A cat dozes on a stationary merry-go-round in an amusement park, at a radius of \(5.4 \mathrm{~m}\) from the center of the ride. Then the operator turns on the ride and brings it up to its proper turning rate of one complete rotation every \(6.0 \mathrm{~s}\). What is the least coefficient of static friction between the cat and the merry-go-round that will allow the cat to stay in place, without sliding (or the cat clinging with its claws)?

Short Answer

Expert verified
The least coefficient of static friction is approximately 0.604.

Step by step solution

01

Determine Angular Velocity

First, we need to find the angular velocity (\(\omega\)) of the merry-go-round. The angular velocity is given by the formula \(\omega = \frac{2\pi}{T}\), where \(T\) is the period of rotation. Here, \(T = 6.0\,\text{s}\). Substitute \(T\) into the formula: \(\omega = \frac{2\pi}{6.0} = \frac{\pi}{3}\,\text{rad/s}\).
02

Find the Centripetal Acceleration

Centripetal acceleration (\(a_c\)) can be calculated using the formula \(a_c = r\omega^2\), where \(r\) is the radius and \(\omega\) is the angular velocity.
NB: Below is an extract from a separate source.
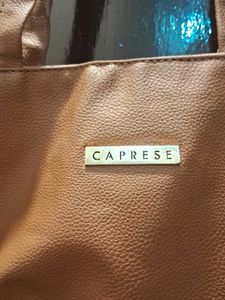 Caprese Class Brown Faux Leather Tote Bag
From the problem, \(r = 5.4\,\text{m}\), and \(\omega = \frac{\pi}{3}\,\text{rad/s}\). Substitute these values: \(a_c = 5.4 \left(\frac{\pi}{3}\right)^2 = 5.4 \cdot \frac{\pi^2}{9} = 0.6\pi^2\,\text{m/s}^2\).
03

Apply the Static Friction Formula

We use the formula for static friction to keep the cat from sliding: \(f_s = \mu_s mg = ma_c\), where \(\mu_s\) is the coefficient of static friction, \(m\) is the mass of the cat, and \(g\) is the acceleration due to gravity \(\approx 9.8\,\text{m/s}^2\). Simplifying gives \(\mu_s g = a_c\).
04

Solve for Coefficient of Static Friction

From the equation \(\mu_s g = a_c\), isolate \(\mu_s\) to find \(\mu_s = \frac{a_c}{g}\). Substitute \(a_c = 0.6\pi^2\) and \(g = 9.8\,\text{m/s}^2\): \(\mu_s = \frac{0.6\pi^2}{9.8}\). Calculate \(\mu_s\approx 0.6\times3.14^2/9.8 \approx 0.604\).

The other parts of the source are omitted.